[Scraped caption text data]
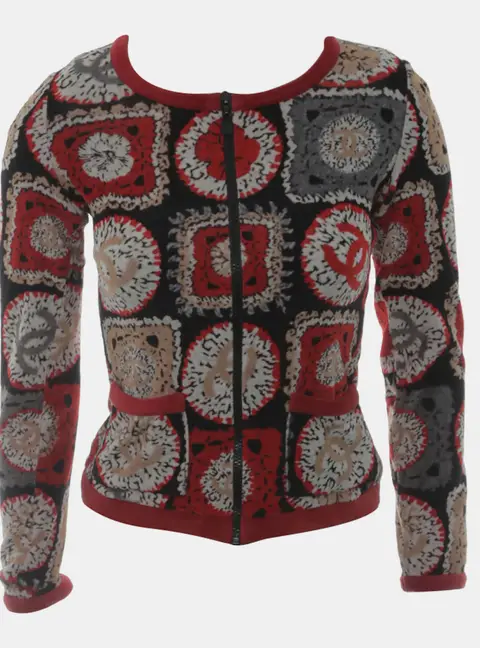 Chanel Sport Line CC Printed Zip Cardigan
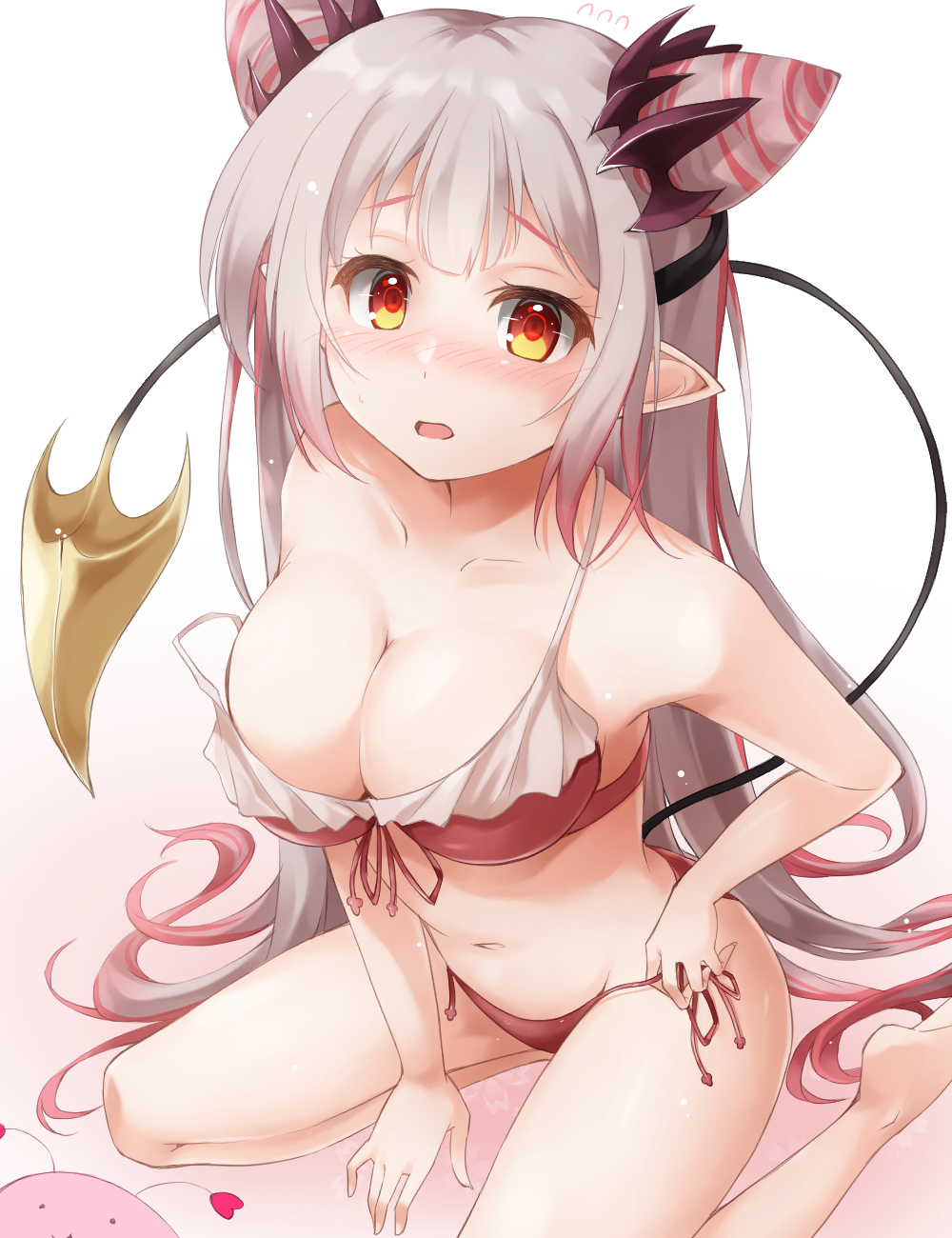 1girl nanashi_inc. bikini blush breasts cleavage cone_hair_bun demon_tail double_bun embarrassed front-tie_top fuyuno_taka gradient_hair grey_hair hair_between_eyes hair_bun highres honey_strap horns large_breasts long_hair looking_at_viewer multicolored_hair pink_hair pointy_ears red_bikini red_eyes side-tie_bikini_bottom sitting solo streaked_hair suou_patra swimsuit tail very_long_hair virtual_youtuber white_background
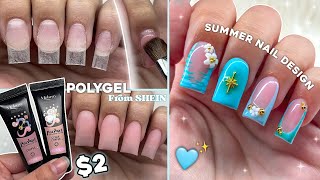 TESTING $2 POLYGEL FROM SHEIN! EASY SUMMER POLYGEL NAILS & TRENDY SUMMER NAIL ART | Nail Tutorial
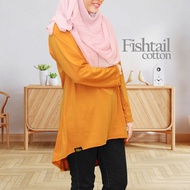 [XS-7XL] TUDIAA FISHTAIL Tshirt Muslimah Cotton Fishtail Style Plus Size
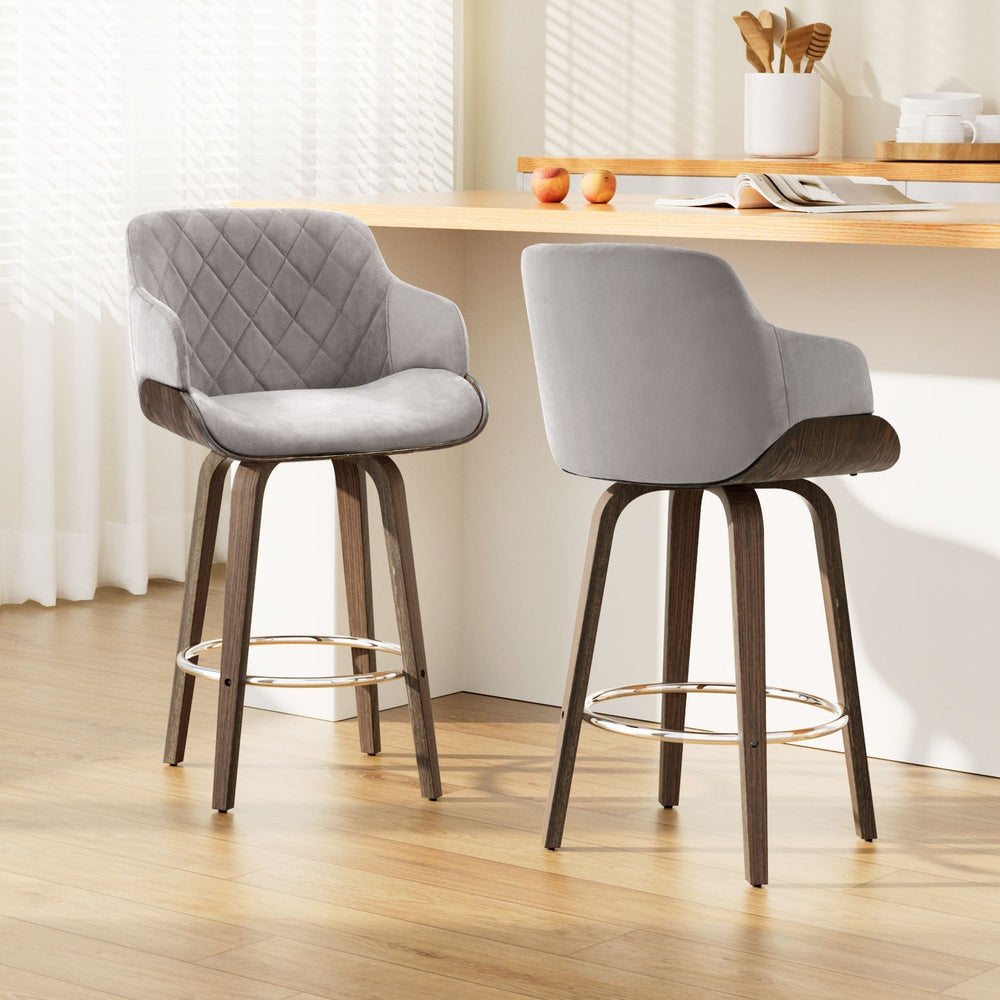 Table & Bar Stools: Artiss 2x Bar Stools Swivel Velvet Padded Wooden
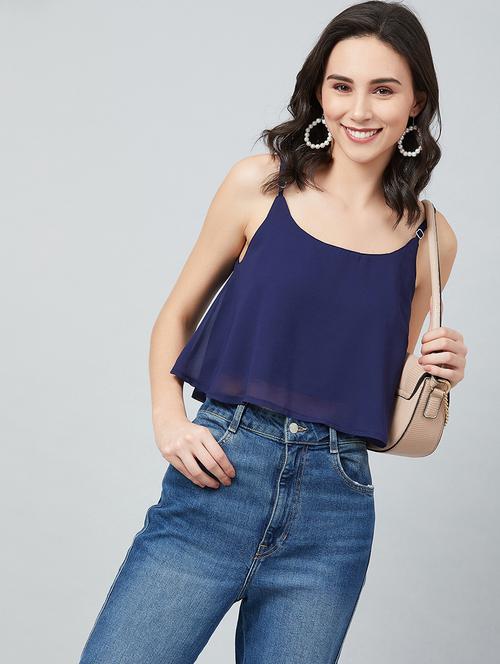 navy blue georgette crop top - 17669640 -  Standard Image - 0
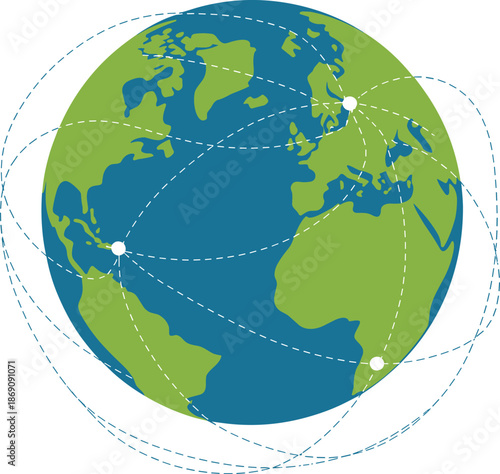 Global network connections around planet Earth, digital communication worldwide technology, internet connectivity logistics, globalization concept modern flat illustration vector design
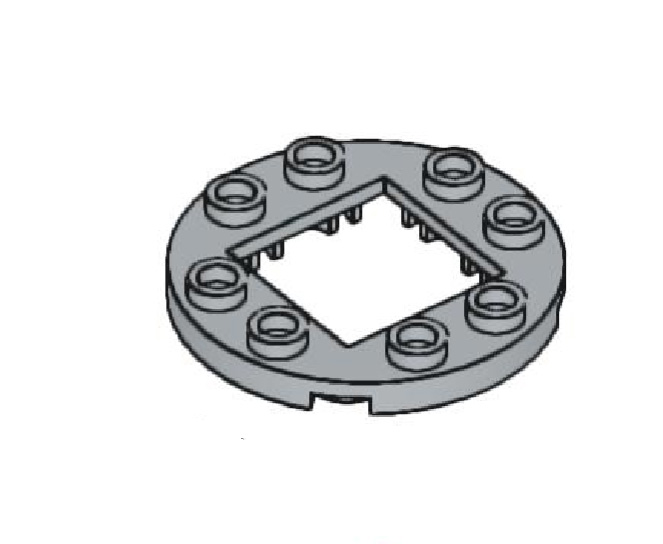 Runde 4x 4 Platte mit 2x2 Loch geschützt Bluebrixx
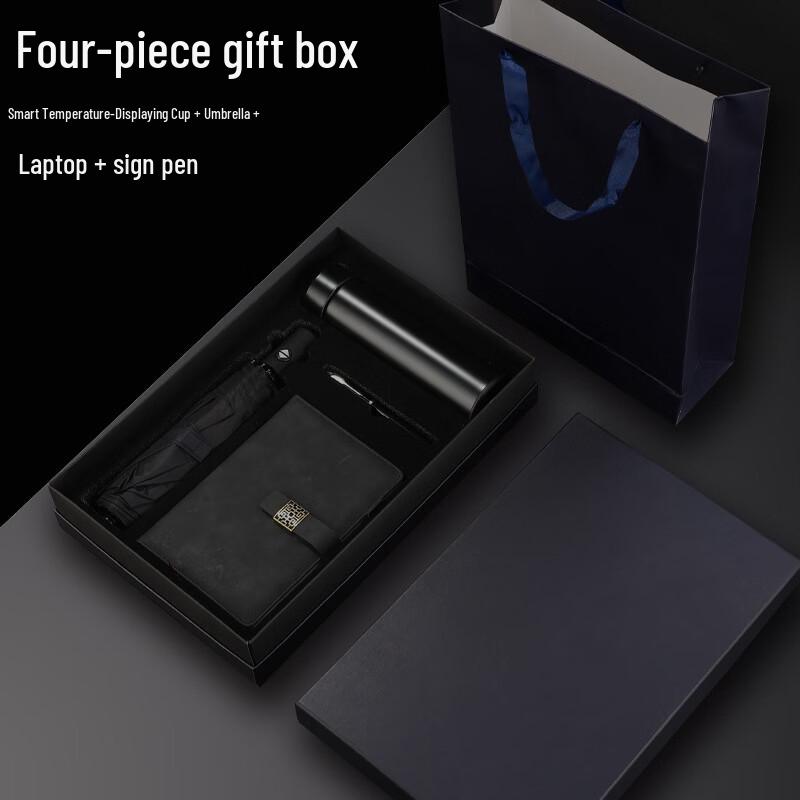 

Stainless Steel Temperature Display Thermos Executive Gift Set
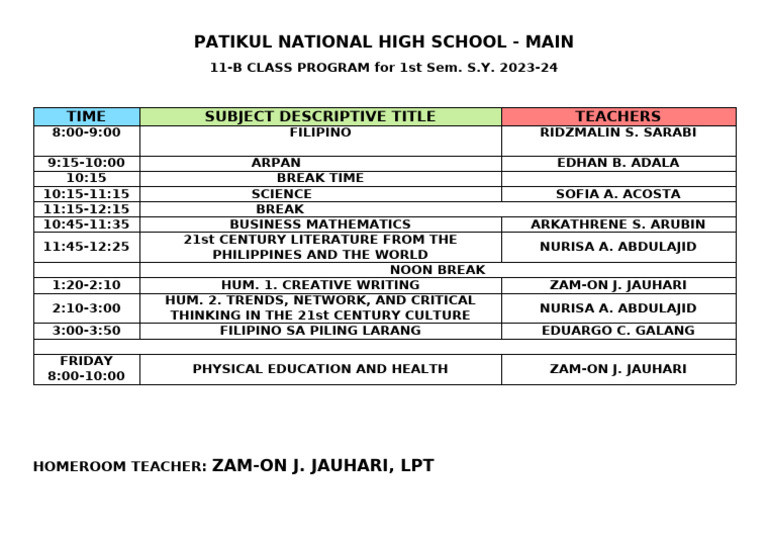 8-B Class Program | PDF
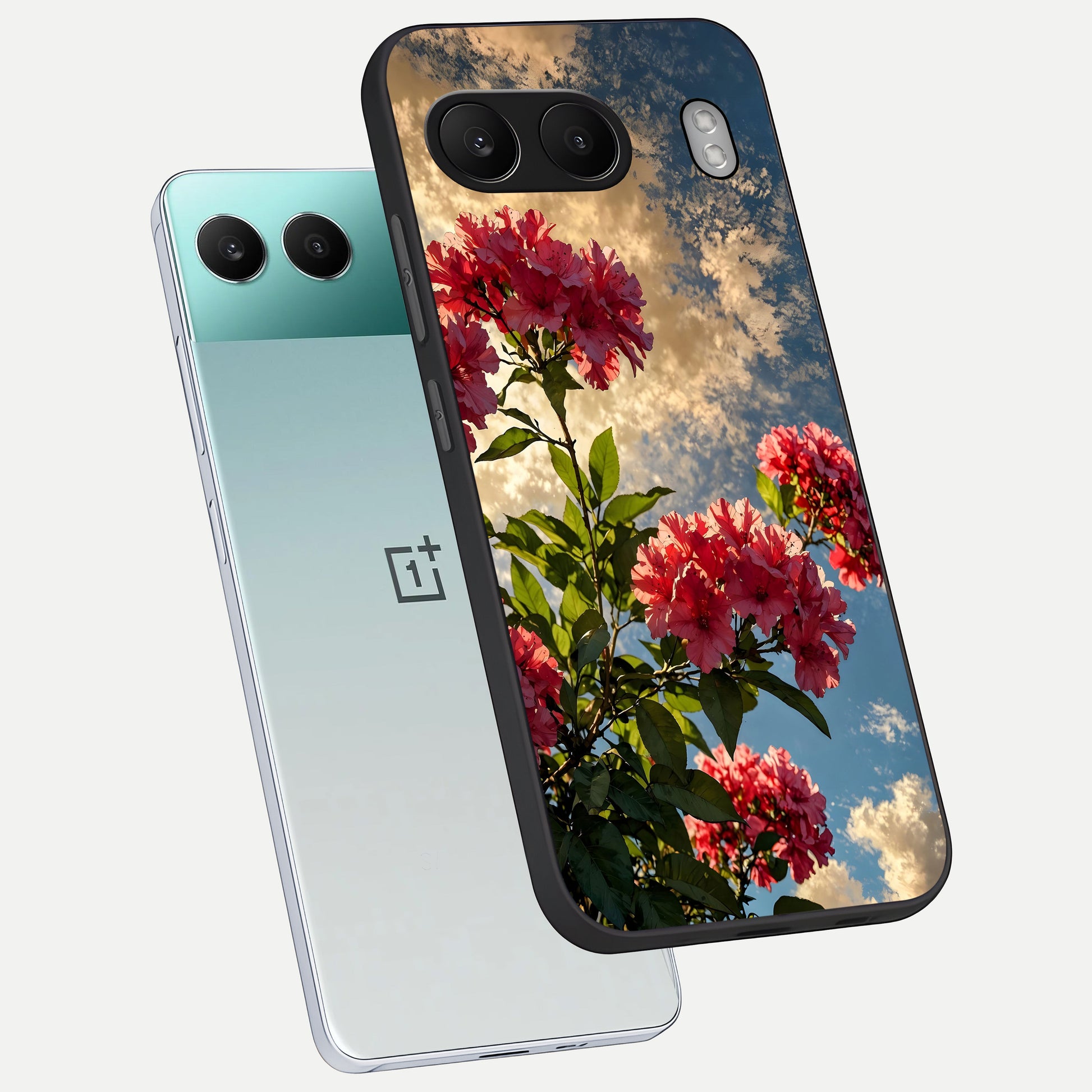  Red Bloom Skies phone case For Oneplus Nord 4 showing premium glass back cover with detailed artwork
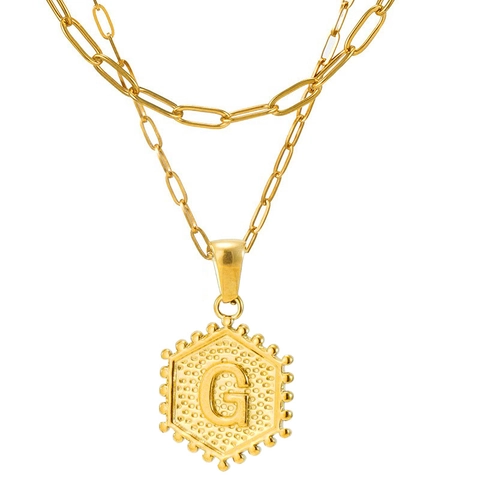 Double Layer Initial Necklace 18K Gold Plated Stainless Steel Paperclip Chain Hexagon Pendant Jewelry For Women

WORK INSTRUCTION | Above are the records; return the lines in them from the one with "navy blue georgette" to the one with "8-B Class Program | PDF", inclusive, exactly and without images.

WRITTEN RESPONSE |
 navy blue georgette crop top - 17669640 -  Standard Image - 0
 Global network connections around planet Earth, digital communication worldwide technology, internet connectivity logistics, globalization concept modern flat illustration vector design
 Runde 4x 4 Platte mit 2x2 Loch geschützt Bluebrixx

Stainless Steel Temperature Display Thermos Executive Gift Set
 8-B Class Program | PDF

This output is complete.